3 October 2012

Keynes and the crisis


Here's a column I wrote on Keynes a few weeks ago in Socialist Review. The original is here: http://www.socialistreview.org.uk/article.php?articlenumber=12099. To be honest, it's largely derivative of Chris Harman's writing on Keynes, especially his excellent piece from the mid 90s called The Crisis of Bourgeois Economics, which can be read here http://www.marxists.org/archive/harman/1996/06/bourgecon.htm

The ideas of John Maynard Keynes are back with a vengeance. This has been a consistent theme in the past few years, from the corridors of power to the pages of the Financial Times. After 30 years of deriding Keynes's ideas many are now reconsidering the economic remedies he prescribed.

But Keynes didn't solve the Great Depression. What he did was powerfully polemicise against the idea that the market was best left to its own devices and cutting workers' wages would reduce unemployment.

In the early 20th century mainstream economics was in a muddle. Economists had inherited insights about capitalism from earlier theorists Adam Smith and David Ricardo, which largely rested on the labour theory of value - the idea that the value of commodities derives from the labour time taken to produce them. But they struggled with the implications of this theory, which seemed to suggest, rather dangerously, that the root of all profit was the robbery of workers, who were paid less than the full value of their labour. This is what led Karl Marx to deride capitalism as a system based on exploitation.

To avoid embracing a radical critique of capitalism, mainstream economists looked for an alternative theory that justified the system.

Following John Stuart Mill and Jean Baptiste Say, "neo-classical" and "marginalist" economists decided that, since every buyer was also a seller, economic slumps based on overproduction were logically impossible, because there was always enough money in the system to buy everything that was produced. This is known as "Say's law". They argued that value wasn't an objective measure, but merely an expression of people's subjective estimation of the usefulness or "utility" of goods on the market. If, in reality, all goods were not sold, this must be because greedy sellers were over pricing them.

In their view labour was no different to any other commodity on the market. Unemployment (ie not all labour being sold on the market) was the result of workers demanding too high wages. The solution to unemployment was for workers to accept lower wages and to remove any "artificial" factors pushing up the price of labour, like trade unions or state benefits.

Although Keynes had accepted much of the "neo-classical" position in the 1920s, the slump of the '30s pushed him to attack these theories.

Say's law states that wages and profits paid out after production are equal to the amount needed to pay for the goods produced. But Keynes pointed out that in the real economy profits (and wages to a lesser extent) are not necessarily put to use buying goods or investing: they may simply be saved or hoarded.

Keynes argued that, although reducing money wages could boost a single firm, in the whole economy the effect would be to depress demand for consumer goods, as workers had less money to spend. Workers typically spend more of their income than bosses do, so redistributing income away from workers was likely to further decrease effective demand.

Keynes proposed two alternative remedies.
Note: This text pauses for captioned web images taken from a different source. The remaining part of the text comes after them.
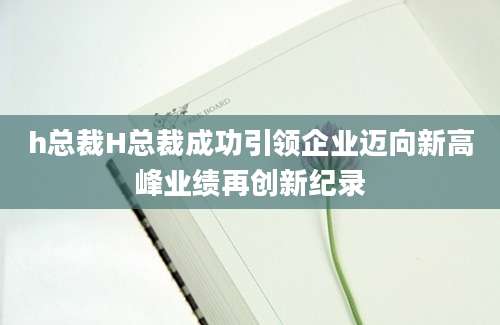 h总裁H总裁成功引领企业迈向新高峰业绩再创新纪录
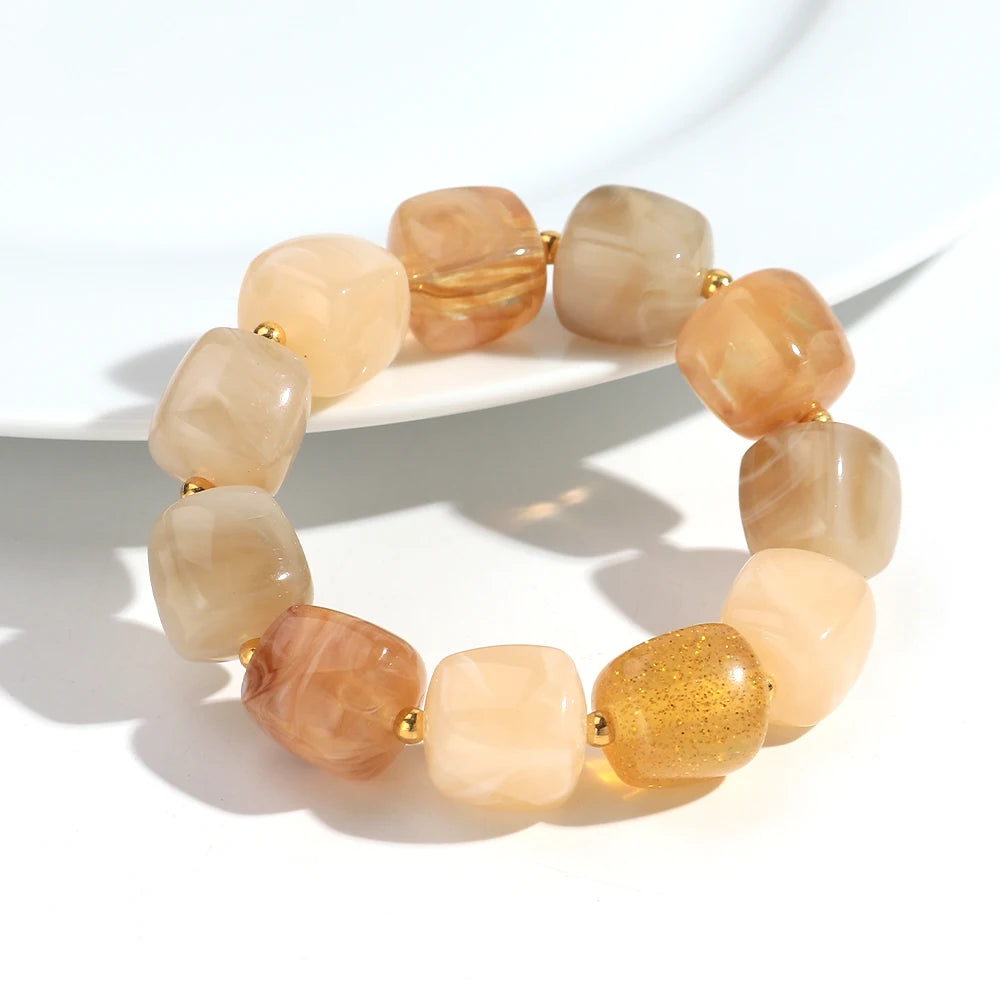 New Multicolor Acrylic Geometric Bead Bracelet for Women Trendy Resin Irregular Square Elastic Bracelets Handmade Jewelry Gift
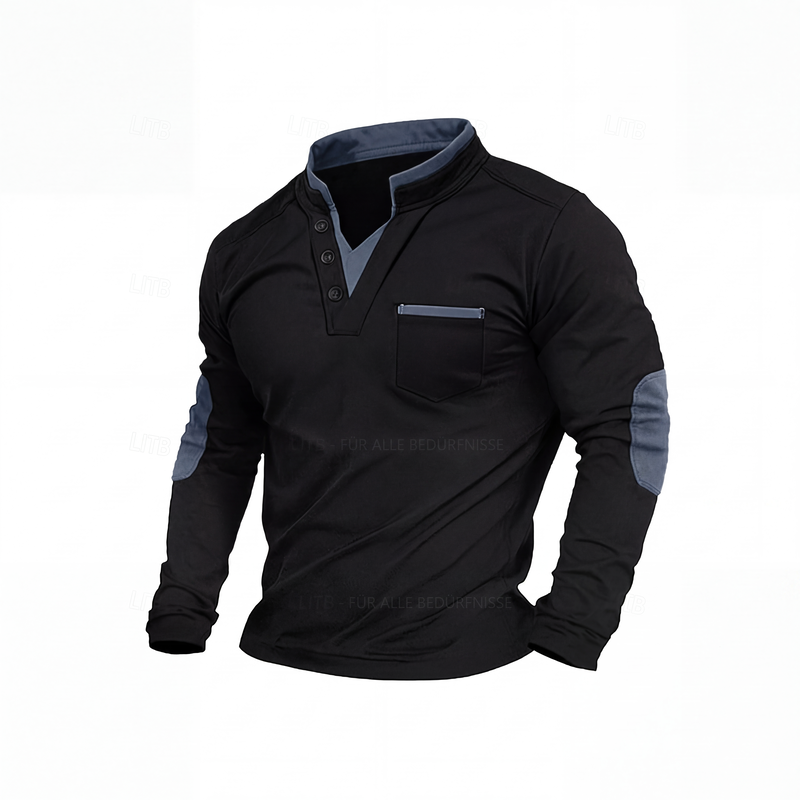 🔥 50% RABATT 👕 Herren Langarmshirt mit Stehkragen – lässiger Patchwork-Look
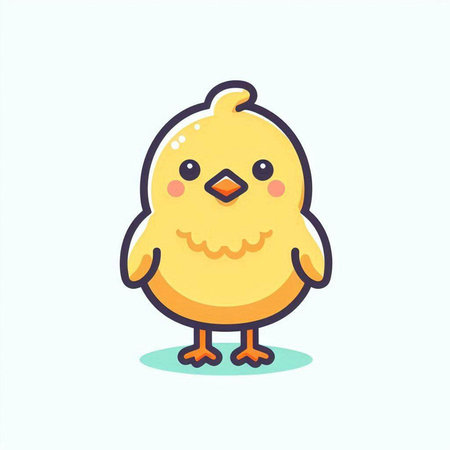 Cute little chicken. Vector illustration in a flat cartoon style.のイラスト素材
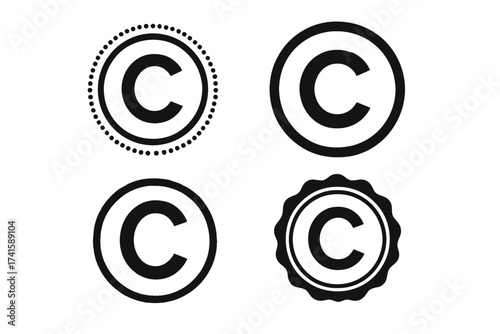 Copyright symbol vector icon set. Intellectual property protection sign. Registered trademark seal and stamp collection. Brand patent C letter logo for legal documents.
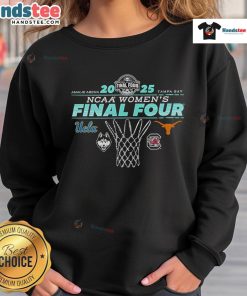 Alt Text: Nice NCAA Final Four 2025 Women's Basketball sweatshirt featuring the 4-team net design, perfect for fans and supporters.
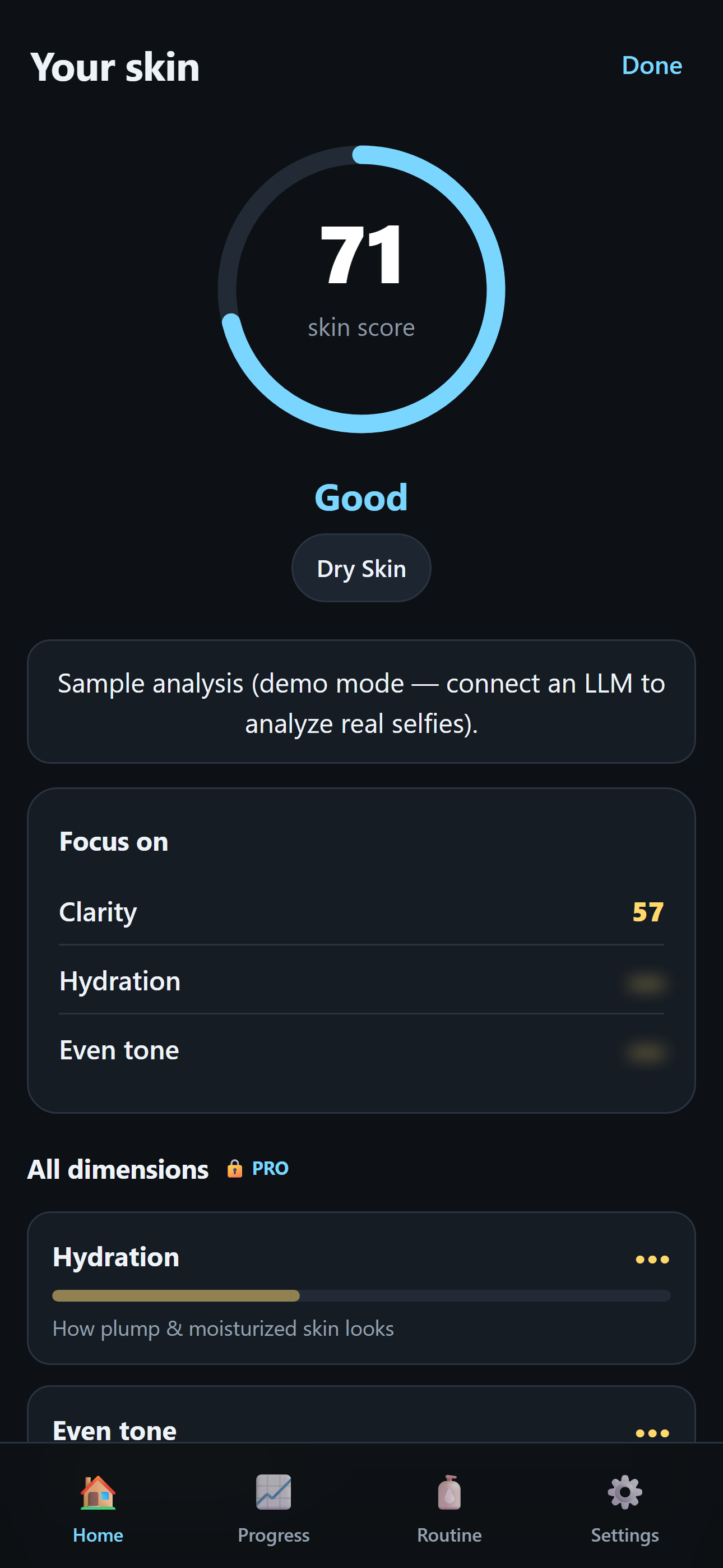 Dewora skin score result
Firstly, governments should drive down interest rates, providing an incentive for the rich to spend more, so expanding demand and stimulating investment. Secondly, governments should enact their own big expenditures, paid for through borrowing. These projects should pay for themselves as the economy grows and tax income increases.

At times Keynes sensed there might be a deeper rot at the heart of the system. He spoke of a decline in "the marginal efficiency of investment". Marx had argued something somewhat similar - that there was a long-term tendency for the rate of profit to fall. This meant there was a tendency for the system to spiral into crisis that could not be arrested by tweaking government spending or interest rates - but this was a conclusion Keynes could not accept, so he shied away from fully investigating the fundamentals of the system.

Even so, the proposals Keynes did advance would have required huge government intervention in the economy to be effective. At one point he suggested that "a somewhat comprehensive socialisation of investment will prove the only means of securing an approximation to full employment." But he held back from arguing for this. He tailored his policies to the psychology of capitalists, because if government actions frightened them they wouldn't invest. Some of Keynes's speeches were spiced with radical rhetoric, but his practical policies were painfully timid.

Nevertheless a version of "Keynesianism" became dominant after the Second World War. This was a doctrine stripped of any of the radical implications of Keynes's work, so that it could now be married with elements of "neoclassical" thought.

Keynes was right to argue against cutting workers' wages and to sneer at the sanctity of the market. But his attempts to explain the system were limited by his loyalty to bosses' interests. He tried to save capitalism from itself - and failed.